START Data for the task
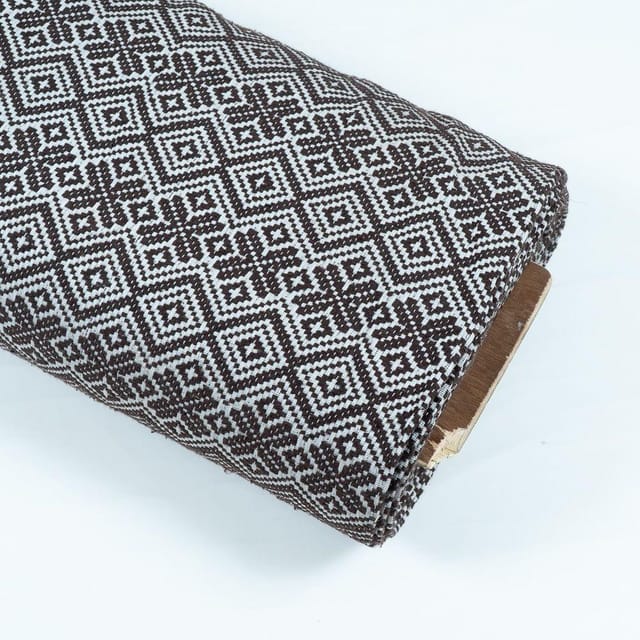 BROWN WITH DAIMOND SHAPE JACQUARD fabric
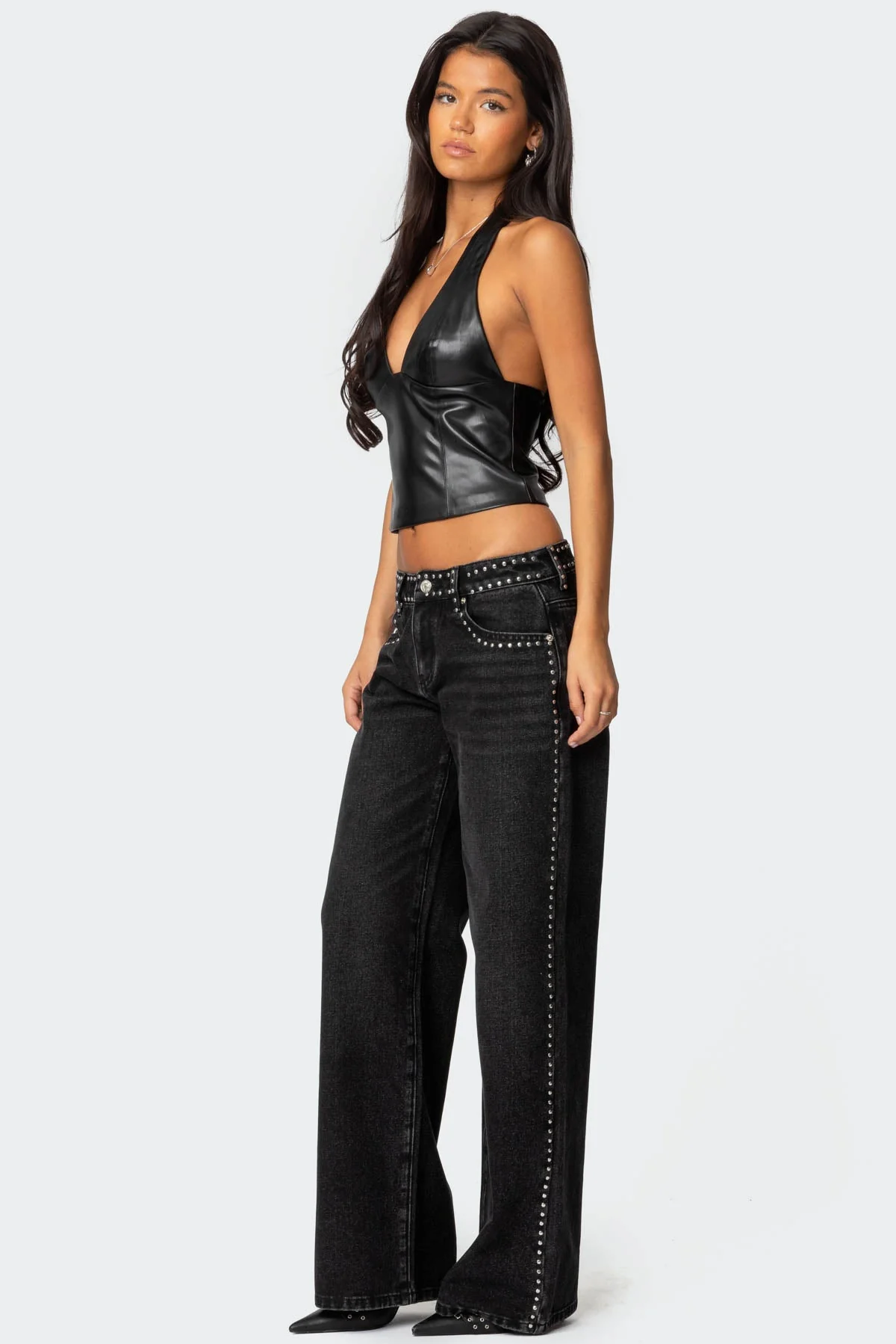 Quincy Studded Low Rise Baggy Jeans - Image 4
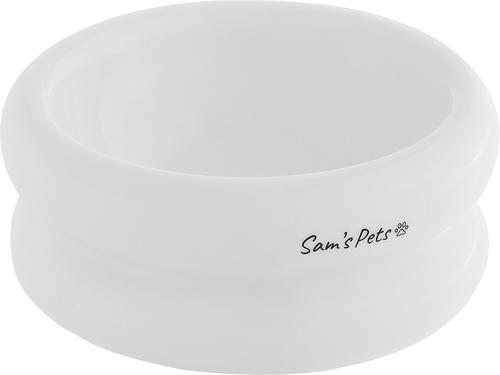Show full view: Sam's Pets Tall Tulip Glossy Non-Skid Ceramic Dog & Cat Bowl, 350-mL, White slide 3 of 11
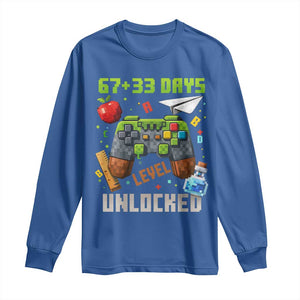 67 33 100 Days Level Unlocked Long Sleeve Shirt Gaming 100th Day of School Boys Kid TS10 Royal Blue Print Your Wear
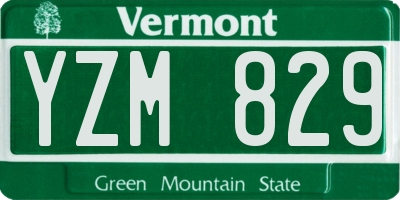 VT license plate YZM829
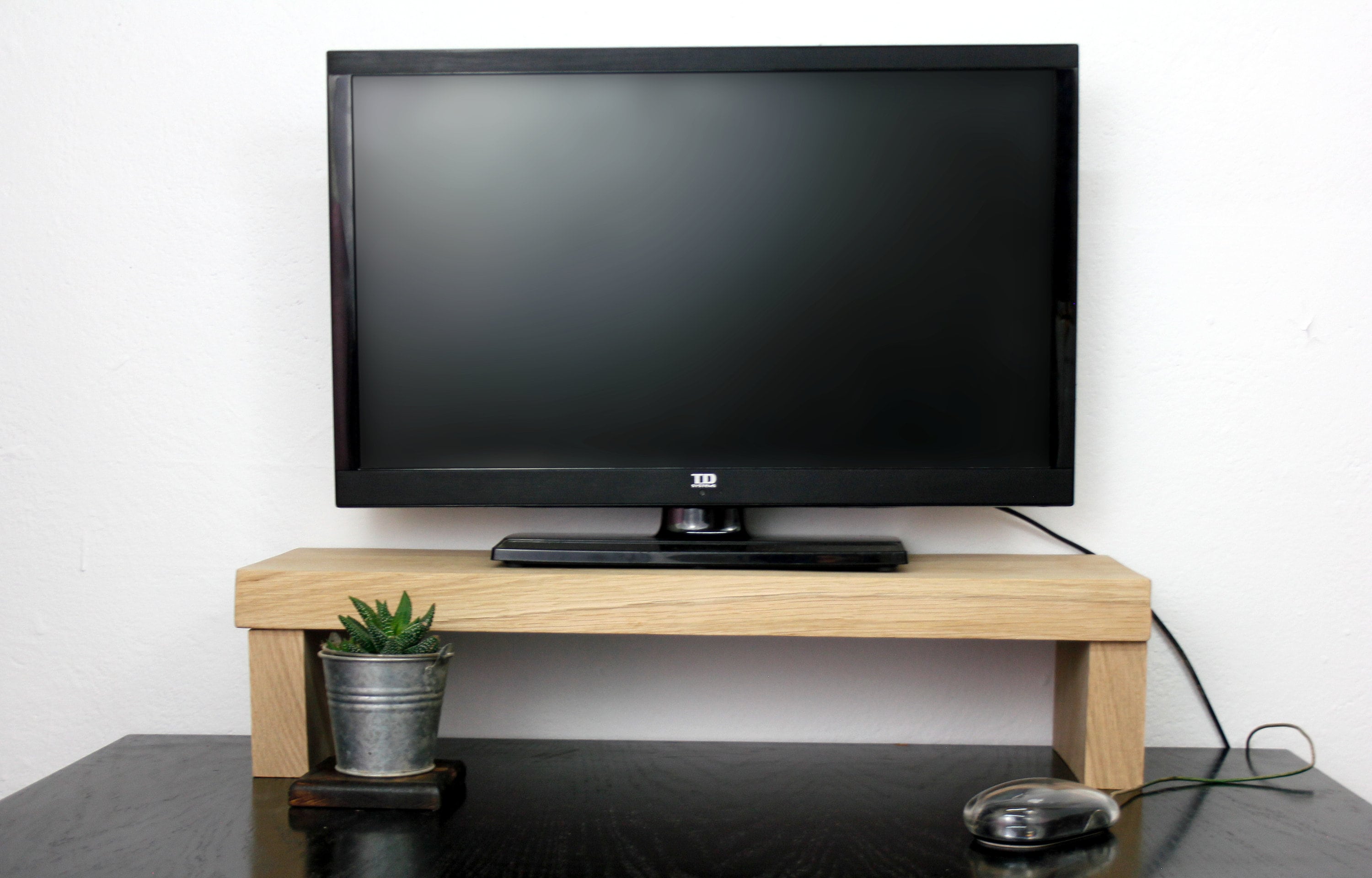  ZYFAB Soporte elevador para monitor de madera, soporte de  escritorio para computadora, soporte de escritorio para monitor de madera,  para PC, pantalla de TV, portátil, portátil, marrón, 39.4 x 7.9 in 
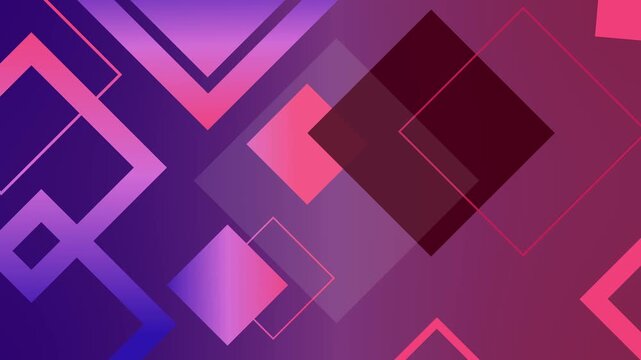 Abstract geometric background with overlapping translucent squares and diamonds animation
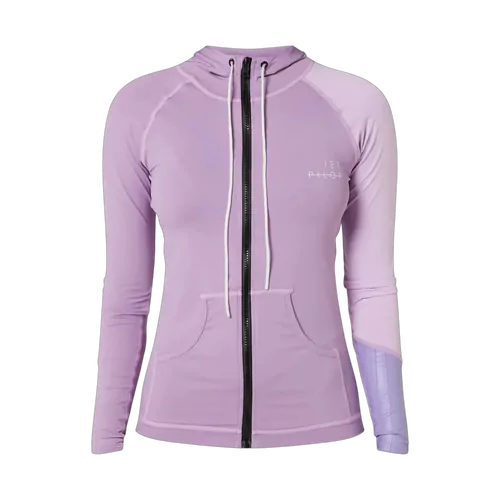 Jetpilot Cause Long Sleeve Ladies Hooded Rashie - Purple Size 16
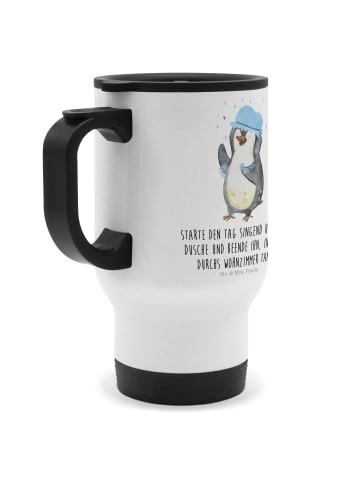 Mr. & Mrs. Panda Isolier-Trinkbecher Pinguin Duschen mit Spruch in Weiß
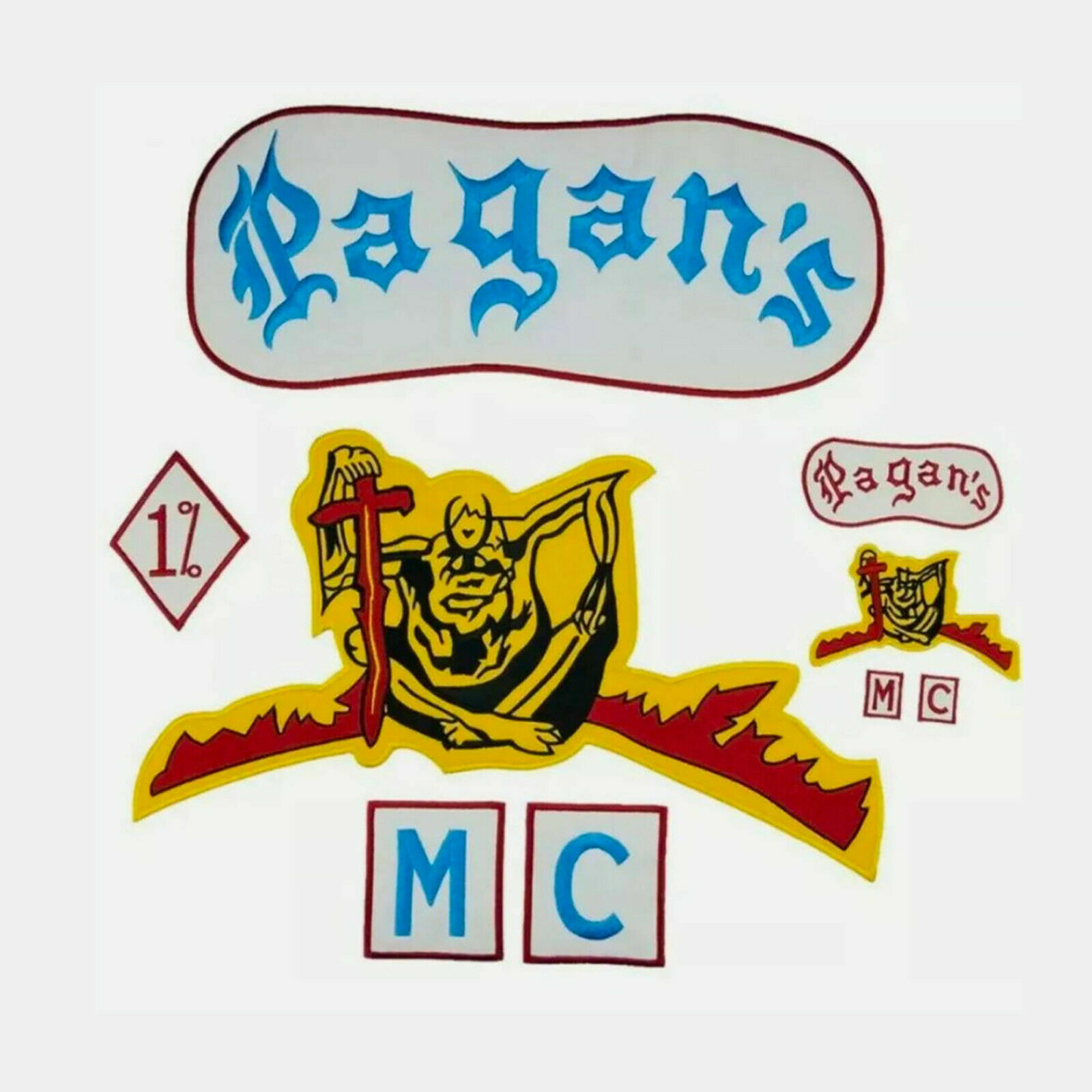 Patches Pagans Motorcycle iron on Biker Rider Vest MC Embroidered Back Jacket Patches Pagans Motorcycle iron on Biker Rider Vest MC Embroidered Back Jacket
END Data for the task
In the records above, find the line containing "Mr. & Mrs. Panda" and restate it and every line after it word for word, all pictures excluded.

> **Problem solution**
 Mr. & Mrs. Panda Isolier-Trinkbecher Pinguin Duschen mit Spruch in Weiß
 Patches Pagans Motorcycle iron on Biker Rider Vest MC Embroidered Back Jacket Patches Pagans Motorcycle iron on Biker Rider Vest MC Embroidered Back Jacket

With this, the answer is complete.